The stirrings of trouble in the stock market this summer helped sap U.S. households of their wealth in the second quarter.
Household net worth — the difference between value of the assets and liabilities of U.S. households — fell by $150 billion during the quarter to $58.5 trillion, according to a new report from the Federal Reserve. Household assets fell 0.2 percent and total liabilities were flat versus the first quarter.
Gregory Daco, U.S. economist at IHS Global Insight, said the stock market collapse during August would help drive household wealth down another nearly $1.5 trillion in the third quarter.
“With the housing market still familiarizing with the abyss, a stock market loss was the last thing consumers needed,” Daco said in an analysis. “The third quarter will likely be one to remember as the steepest household net worth decline since the early days of the 2007-2009 recession. Indeed the steep stock market losses incurred since early August will combine with the poor housing market for a lethal mix. This is not good news for consumers.”
Although sales have not been as strong as expected earlier in the year, retailers, and particularly those in the mid and upper tiers, have largely not reported a sharp pull back by consumers. Regardless of expectations, companies across the price spectrum have freshened up their battle plans and say they are prepared to react if consumers pull back dramatically.

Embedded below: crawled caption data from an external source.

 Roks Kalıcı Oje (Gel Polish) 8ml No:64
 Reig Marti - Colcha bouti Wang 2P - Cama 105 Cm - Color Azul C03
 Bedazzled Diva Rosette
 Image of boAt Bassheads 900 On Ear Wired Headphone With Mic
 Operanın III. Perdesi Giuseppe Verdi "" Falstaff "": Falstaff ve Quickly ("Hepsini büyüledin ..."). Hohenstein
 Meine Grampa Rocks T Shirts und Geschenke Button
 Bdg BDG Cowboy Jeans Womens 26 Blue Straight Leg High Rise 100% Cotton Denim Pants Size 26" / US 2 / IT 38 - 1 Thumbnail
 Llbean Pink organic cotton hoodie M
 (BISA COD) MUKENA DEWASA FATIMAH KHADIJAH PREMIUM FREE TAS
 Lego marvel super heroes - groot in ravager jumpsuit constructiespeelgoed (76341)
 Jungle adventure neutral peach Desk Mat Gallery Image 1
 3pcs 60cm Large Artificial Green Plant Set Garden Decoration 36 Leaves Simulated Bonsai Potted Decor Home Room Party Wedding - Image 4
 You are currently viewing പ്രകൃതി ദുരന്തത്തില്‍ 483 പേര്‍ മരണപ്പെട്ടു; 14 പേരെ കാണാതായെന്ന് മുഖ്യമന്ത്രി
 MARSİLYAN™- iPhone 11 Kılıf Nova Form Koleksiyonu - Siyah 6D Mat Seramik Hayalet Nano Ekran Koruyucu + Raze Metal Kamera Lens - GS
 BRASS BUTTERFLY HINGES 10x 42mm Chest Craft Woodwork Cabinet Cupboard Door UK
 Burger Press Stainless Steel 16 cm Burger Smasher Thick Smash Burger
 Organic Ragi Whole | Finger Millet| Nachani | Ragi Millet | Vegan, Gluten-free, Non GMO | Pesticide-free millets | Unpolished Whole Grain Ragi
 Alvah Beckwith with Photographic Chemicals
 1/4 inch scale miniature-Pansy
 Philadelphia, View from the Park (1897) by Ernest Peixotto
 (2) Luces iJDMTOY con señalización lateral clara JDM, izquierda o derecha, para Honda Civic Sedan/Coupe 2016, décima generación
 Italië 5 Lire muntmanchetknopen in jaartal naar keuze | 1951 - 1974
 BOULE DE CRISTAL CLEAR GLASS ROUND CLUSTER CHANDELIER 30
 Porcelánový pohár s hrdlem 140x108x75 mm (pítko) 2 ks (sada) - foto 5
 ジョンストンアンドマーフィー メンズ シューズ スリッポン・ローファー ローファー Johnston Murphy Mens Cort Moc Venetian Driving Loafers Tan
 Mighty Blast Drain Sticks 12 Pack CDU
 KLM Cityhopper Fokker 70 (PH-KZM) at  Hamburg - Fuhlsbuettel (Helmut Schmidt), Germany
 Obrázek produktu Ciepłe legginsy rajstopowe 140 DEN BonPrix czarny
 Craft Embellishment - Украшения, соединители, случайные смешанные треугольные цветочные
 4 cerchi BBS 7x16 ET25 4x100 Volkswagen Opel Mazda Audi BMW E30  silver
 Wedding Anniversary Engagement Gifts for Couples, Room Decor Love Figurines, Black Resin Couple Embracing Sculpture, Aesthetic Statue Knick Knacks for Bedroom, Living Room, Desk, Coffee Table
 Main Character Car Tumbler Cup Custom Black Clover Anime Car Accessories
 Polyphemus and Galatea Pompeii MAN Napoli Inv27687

Markets have been gaining ground in recent days as European policy makers try to find a way to keep the Euro zone’s debt crisis from spiraling completely out of control.
On Friday it was the Asian markets leading the way up and the Nikkei 225 gained 2.3 percent in Tokyo as the Hang Seng Index rose 1.4 percent in Hong Kong.
In Europe, the DAX gained 1.2 percent in Frankfurt and the FTSE 100 rose 0.6 percent in London. And on Wall Street, the S&P Retail Index increased 1.7 percent, or 9.07 points, to 533.17, as the Dow Jones Industrial Average orse 0.7 percent, or 75.91 points, to 11,509.99.